Exercise directions:
In the data below, find the line that contains "An aerial view" and the line that contains "Moderne woonkamer waarin". Copy both, plus every line between them, exactly.

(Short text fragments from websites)
----
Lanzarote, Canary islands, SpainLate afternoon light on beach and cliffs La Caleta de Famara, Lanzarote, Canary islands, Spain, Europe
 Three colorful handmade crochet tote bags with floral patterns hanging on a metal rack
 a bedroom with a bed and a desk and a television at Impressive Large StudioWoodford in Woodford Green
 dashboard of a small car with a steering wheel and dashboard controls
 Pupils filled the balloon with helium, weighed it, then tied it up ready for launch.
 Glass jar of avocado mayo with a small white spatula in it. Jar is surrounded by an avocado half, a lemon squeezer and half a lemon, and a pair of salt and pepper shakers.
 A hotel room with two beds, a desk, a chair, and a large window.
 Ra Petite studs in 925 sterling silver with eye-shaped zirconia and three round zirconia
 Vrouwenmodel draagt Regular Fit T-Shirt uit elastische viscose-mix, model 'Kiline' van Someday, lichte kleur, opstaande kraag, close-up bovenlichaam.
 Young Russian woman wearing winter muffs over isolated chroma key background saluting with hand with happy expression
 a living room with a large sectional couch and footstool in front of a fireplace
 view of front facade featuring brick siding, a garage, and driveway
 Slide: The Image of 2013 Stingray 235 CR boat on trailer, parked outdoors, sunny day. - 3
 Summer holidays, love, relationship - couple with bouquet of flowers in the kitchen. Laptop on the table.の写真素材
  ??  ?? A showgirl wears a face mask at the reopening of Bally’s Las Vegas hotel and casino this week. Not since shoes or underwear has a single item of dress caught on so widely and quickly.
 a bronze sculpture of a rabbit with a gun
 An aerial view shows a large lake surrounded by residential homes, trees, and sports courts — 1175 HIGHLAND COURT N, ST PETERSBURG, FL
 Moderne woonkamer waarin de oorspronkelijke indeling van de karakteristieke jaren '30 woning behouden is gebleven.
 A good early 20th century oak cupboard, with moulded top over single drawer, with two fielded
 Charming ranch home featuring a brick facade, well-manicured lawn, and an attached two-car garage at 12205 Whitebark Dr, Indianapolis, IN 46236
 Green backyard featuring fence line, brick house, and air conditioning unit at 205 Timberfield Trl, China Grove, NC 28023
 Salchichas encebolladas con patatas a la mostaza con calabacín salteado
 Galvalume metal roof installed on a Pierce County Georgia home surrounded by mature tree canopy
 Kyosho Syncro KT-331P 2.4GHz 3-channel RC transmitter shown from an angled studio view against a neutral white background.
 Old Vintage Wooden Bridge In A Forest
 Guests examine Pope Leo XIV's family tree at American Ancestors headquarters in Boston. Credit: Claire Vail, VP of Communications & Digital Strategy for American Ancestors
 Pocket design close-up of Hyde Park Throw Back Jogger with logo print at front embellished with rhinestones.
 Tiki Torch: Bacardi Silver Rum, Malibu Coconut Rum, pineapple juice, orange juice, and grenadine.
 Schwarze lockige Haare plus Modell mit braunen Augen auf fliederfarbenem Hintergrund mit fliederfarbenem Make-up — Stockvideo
----
Solution below:
 An aerial view shows a large lake surrounded by residential homes, trees, and sports courts — 1175 HIGHLAND COURT N, ST PETERSBURG, FL
 Moderne woonkamer waarin de oorspronkelijke indeling van de karakteristieke jaren '30 woning behouden is gebleven.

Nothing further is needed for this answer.